Clearly, the situation on the ground remains highly uncertain, with Iran recently selecting Mojtaba Khamenei as its new Supreme Leader, while the conflict continues to escalate and broaden to include vital energy and social infrastructure across the region. We acknowledge these extreme levels of uncertainty, but we believe that we have seen sufficient signs of market-based stress, and sufficient (nascent) signals that negative policy momentum may be peaking, to justify beginning to deploy capital into the market.

We do this modestly, and with the open and humble recognition that we may be early, and that downside risks (including further escalation of the conflict and further damage to the global economy and markets) remain highly visible. We retain a flexible and nimble stance and stand ready to make further changes to our tactical positioning in coming weeks should the situation warrant.

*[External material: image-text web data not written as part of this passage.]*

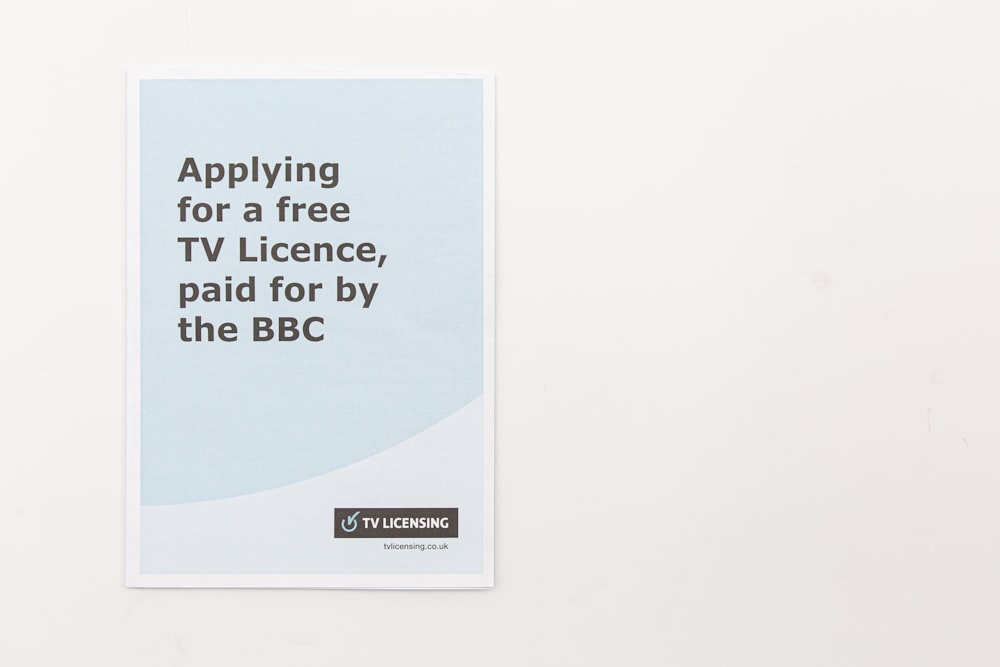 a brochure with the words applying for a free tv licence, paid for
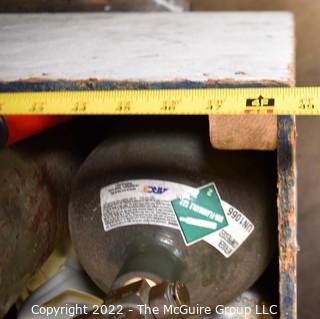 Large Box of canisters used by HVAC and Electrical Contractors; including coolant.  Does include wooden box, but does not include cart. Buyer must produce Refrigerant Handling Certificate at removal.  Encourage inspection, Tuesday, April 26, 2-4pm  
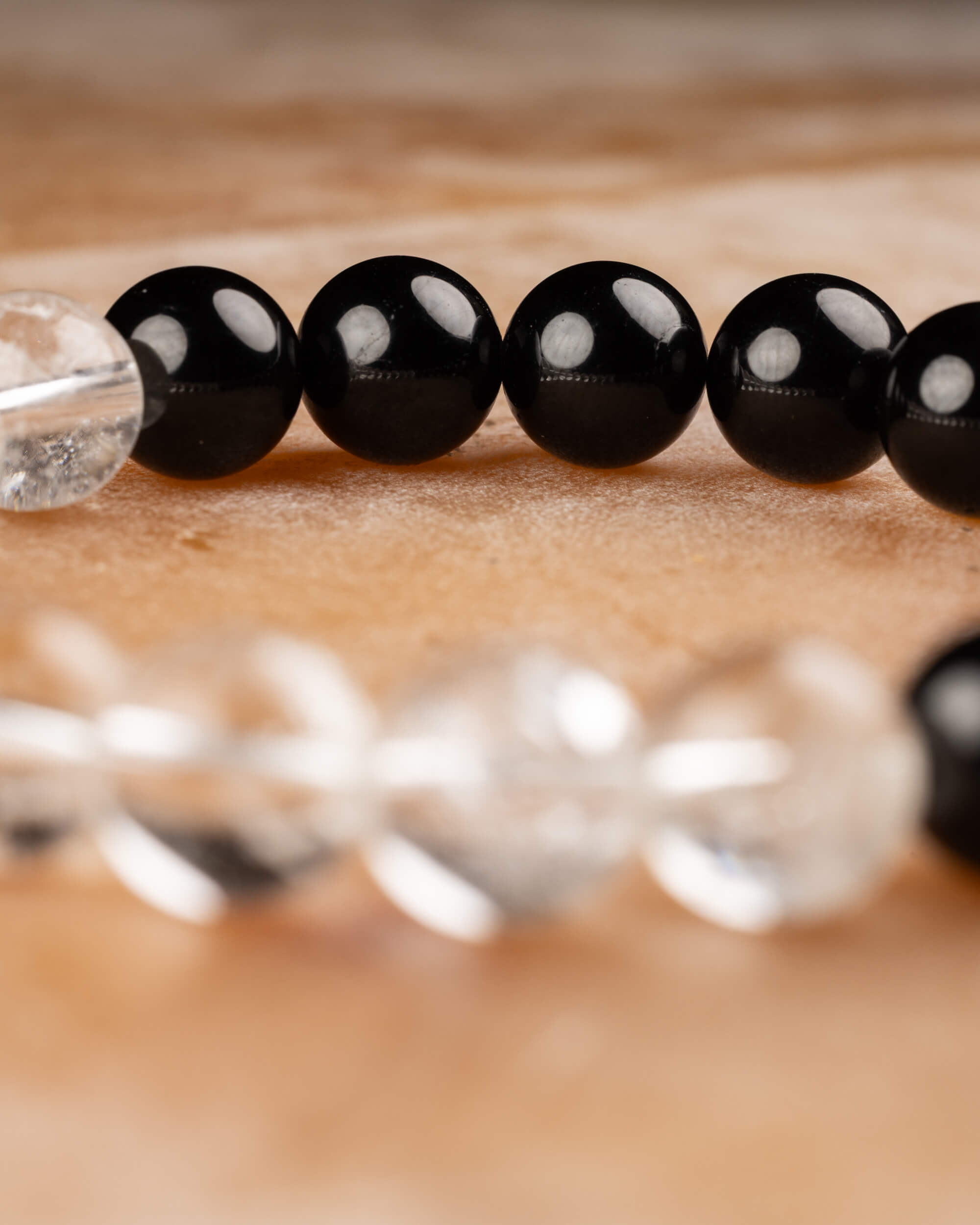 Pulsera de Turmalina Negra y Cuarzo Transparente 10 mm - Eje Anclado y Luz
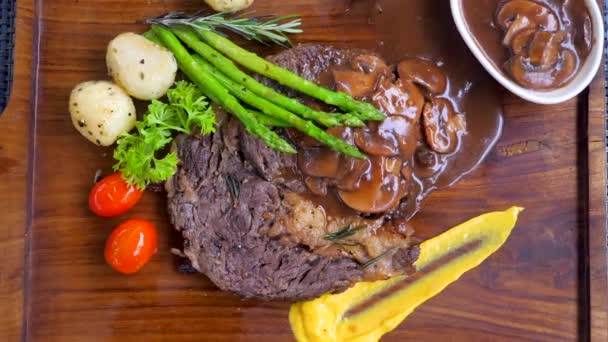 Top View Ribeye Beef Steak Grilled Vegetables Rustic Wooden Board — Stock Video
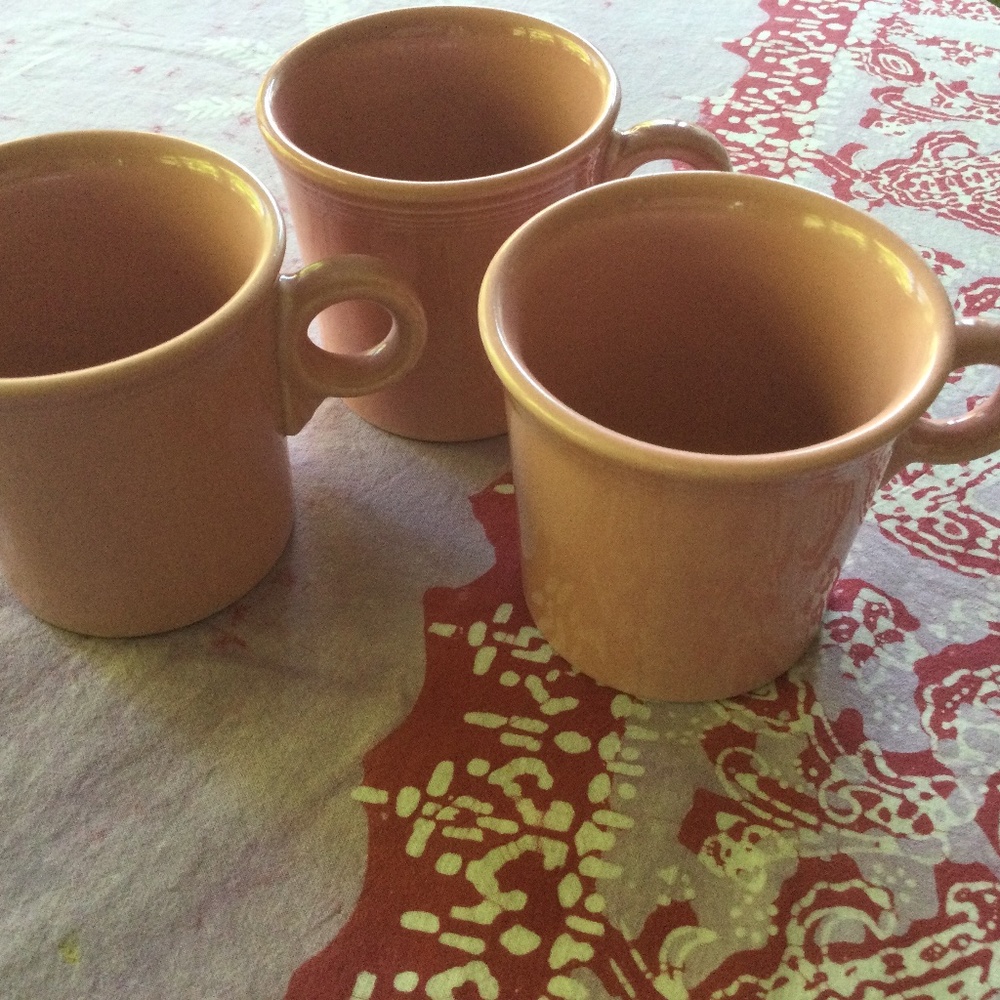 Pink fiesta ware mugs, three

We modestly increase our equity overweight from +2 to +3 via Japanese equities

We note the following key investment-relevant developments on the ground:

  • As we noted in our Special Report, the triple constraints of the bond market (via higher US Treasury yields), oil prices, and a lack of boots on the ground have begun to pressure US President Trump in recent days. While his moment-to-moment rhetoric remains capricious (potentially for war-time propaganda purposes), we believe he is now clearly expressing a preference for de-escalation, “declaring victory”, and doing a deal with Iran in some way, shape or form.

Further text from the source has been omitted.